#2『I got rhythm 音楽が生まれる時』 概要と選曲リスト

是非これを見ながら聴いてください!



今月のテーマ:「The World of Black and Blue」(第2回:ブルーズの誕生)
パーソナリティ:ピーター・バラカン(ブロードキャスター)


「ブルーズのリズムがみえる

われらの時代のつらい生活

鉄道を敷く、声を掛け合い、歌を掛け合う

ブルーズの誕生がみえる

解放されても、まだ自由になれない人々の中に」

絵本『リズムがみえる I see the rhythm』(サウザンブックス社)より
(文:トヨミ・アイガス、絵:ミシェル・ウッド、翻訳:金原瑞人、監修:ピーター・バラカン)

<番組のトーク・パート(概要)と選曲リスト>

―今回は「ブルーズの誕生」というテーマでお届けします。
ブルーズというと、最近はロバート・ジョンソンのような、ミシシッピーの男が1人で歌うようなイメージを
持たれるかと思いますが、初期のブルーズはもっと都会的なものでした。

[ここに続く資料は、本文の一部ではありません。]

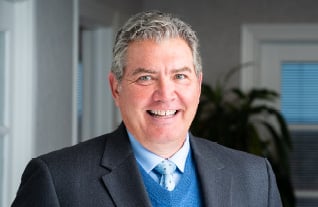 Headshot of Commerce Trust's Chris Hamm wearing a navy suit jacket over a blue sweater and tie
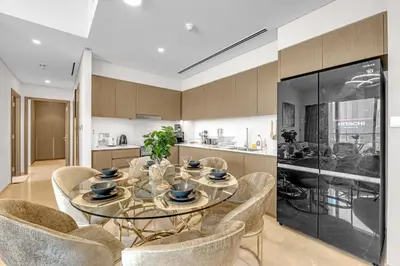 a dining room with a glass table and chairs at Glamarous 2BR Burj Khalifa & Fountain Views in Dubai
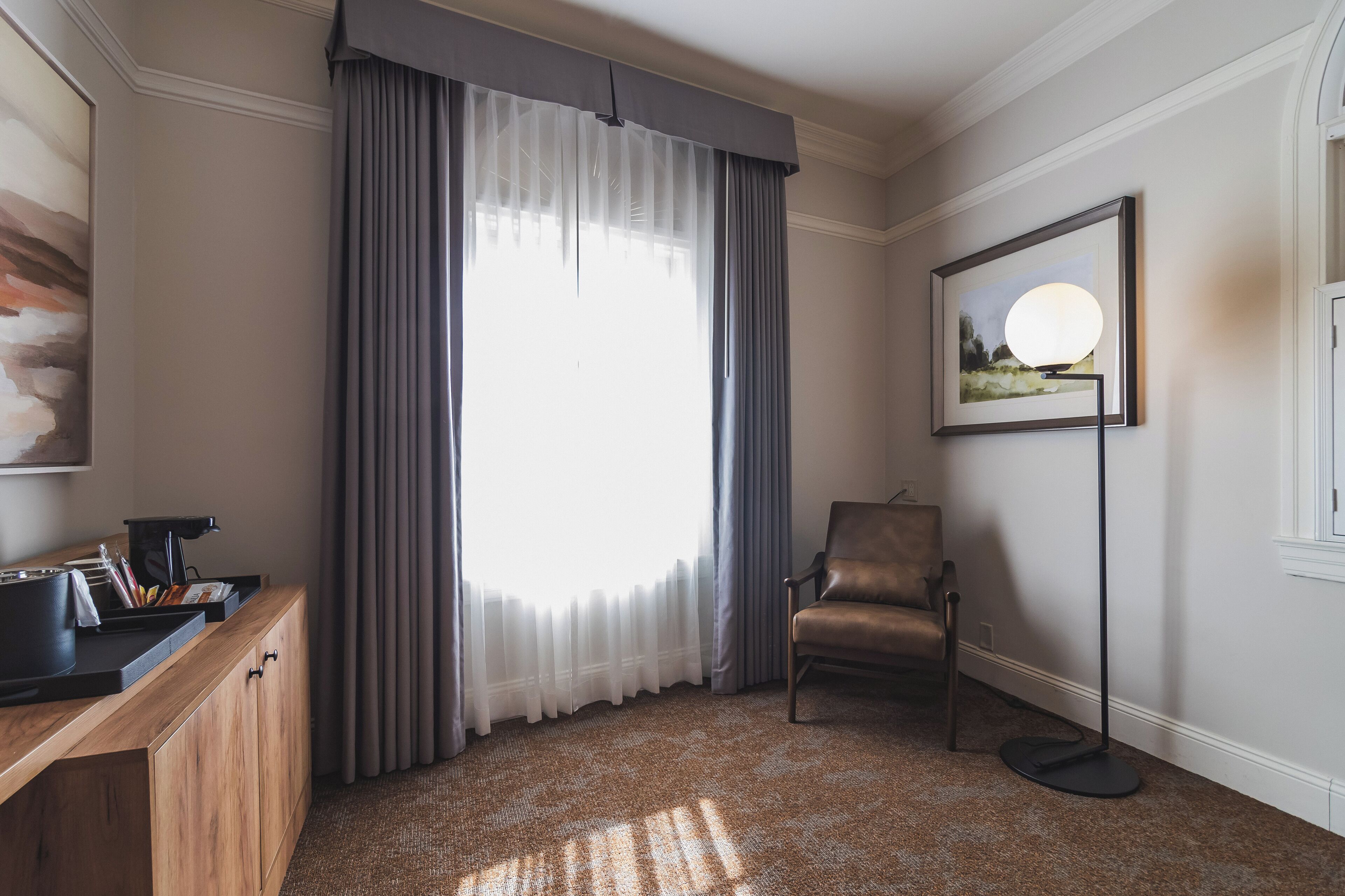 A hotel room with a wooden desk, a chair, a floor lamp, a large window with sheer curtains, and a framed picture on the wall.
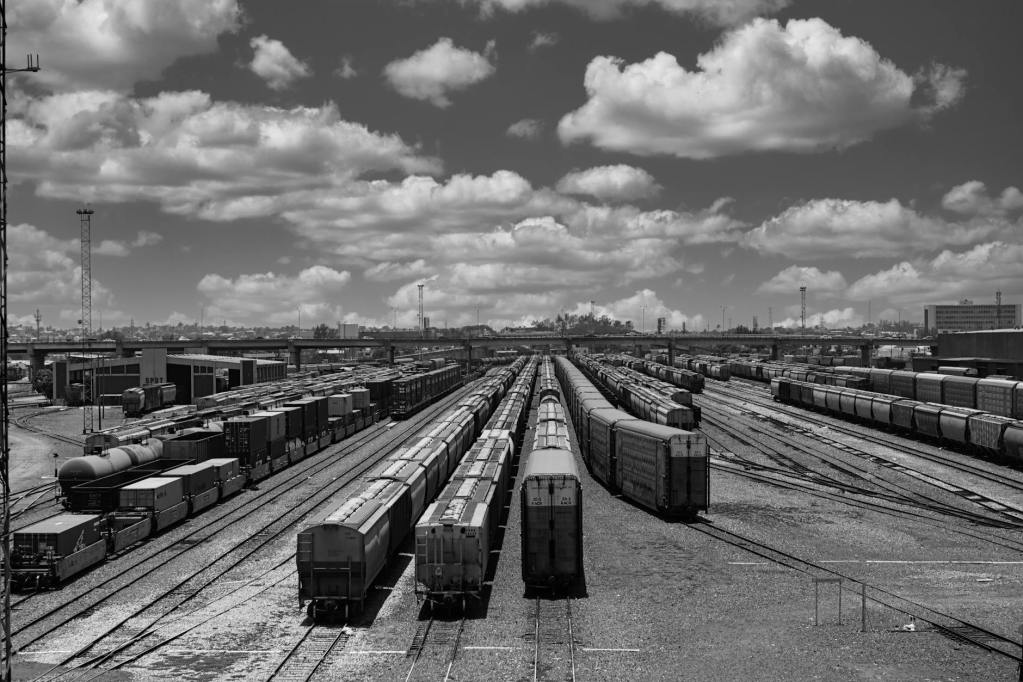 trains in city in black and white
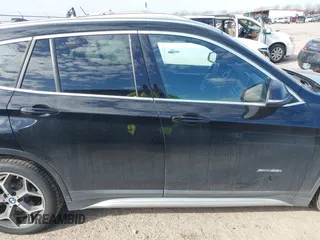 2016 BMW X1 xDrive28i with VIN WBXHT3Z3XG4A48557, listed as a IAAI auction lot 41387960 with 84,821 mi miles. Bid and sale history available at carsss.com. Image 13.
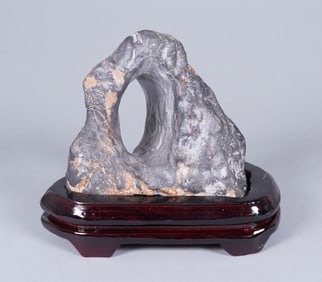 A heavy fine boulder on stand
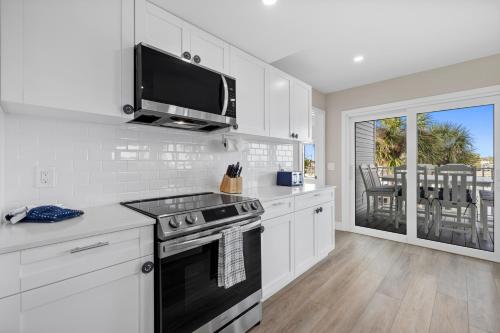 a kitchen with white cabinets and a stove top oven at Chadwick Cove Marina in Englewood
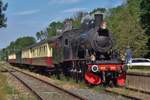 Former SJ 1040 stands with an extra train at Schin op Geul on 8 July 2017 during the ZLSM Steam Days.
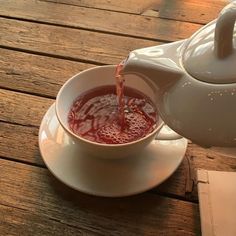 a teapot pouring red liquid into a white cup on a wooden table next to a napkin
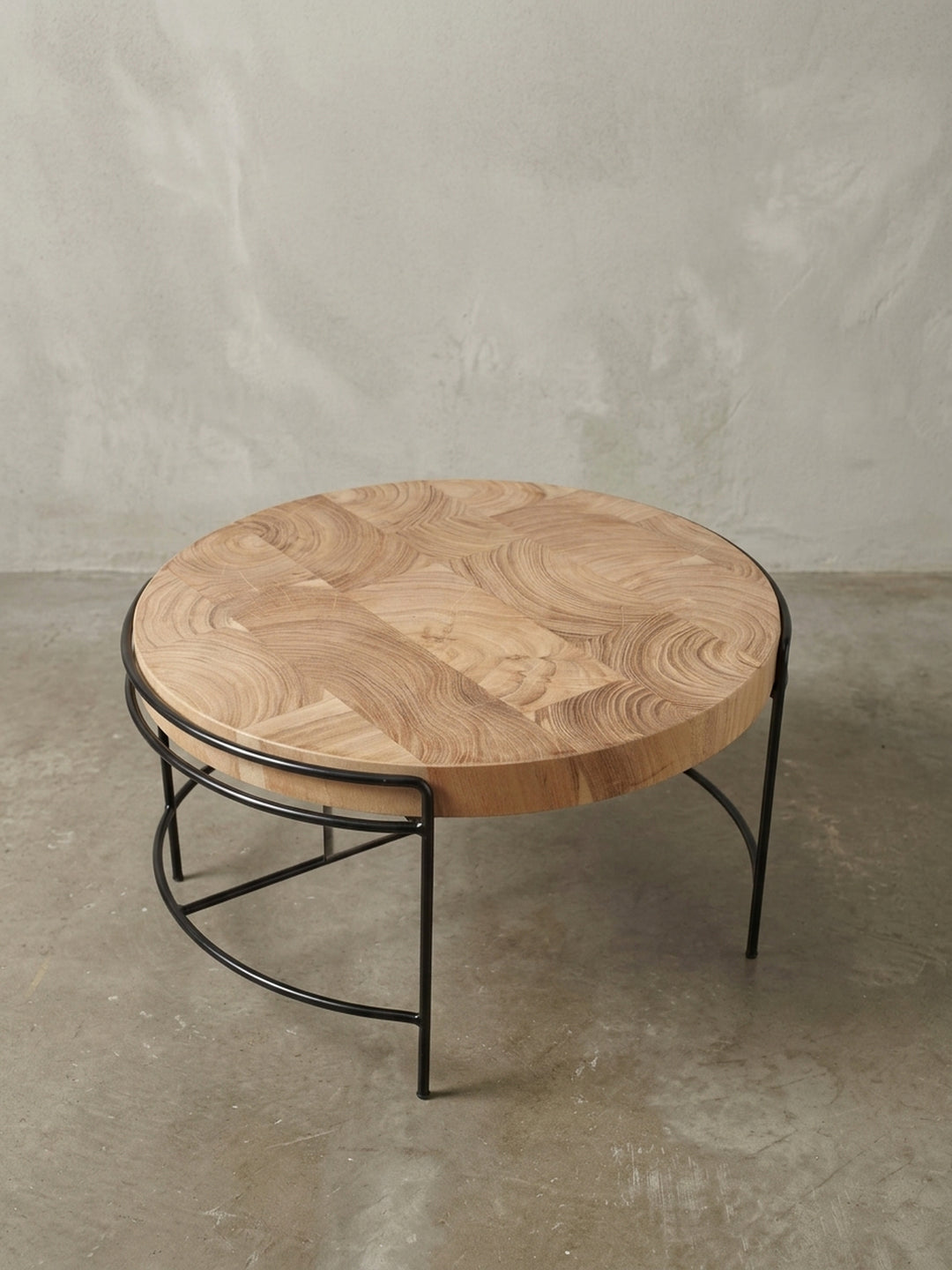 Alternative Perspektive auf den Massivholz-Couchtisch, die das Zusammenspiel der warmen Holztöne und des kühlen schwarzen Metalls hervorhebt._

ピアノが入っていたり、バンド編成だったり
します。もともとは19世紀に畑仕事をしていた、アフリカから来た人たちが、過酷な仕事をしのぐために歌っていた
ものから派生したものと思われます。ただし“ブルーズ”という言葉がいつから使われていたかは分かっていません。
出版された曲でこの言葉が入った最古のものに、1912年にW.C.ハンディが作った「ザ・メンフィス・ブルーズ」
があります(楽譜で存在)。まだレコードなどなかった時代のものです。
今日まずお届けするのは、このW.C.ハンディのバンド演奏による1曲です。

1 「St. Louis Blues」W. C. Handy's Memphis Blues Band
W.C.ハンディ自身のバンドによる1曲。キューバのハバネーラというリズムがメインになっている部分がありますが、ブラスバンドやヴォードヴィルの要素も窺い知ることが出来ます。1922年録音。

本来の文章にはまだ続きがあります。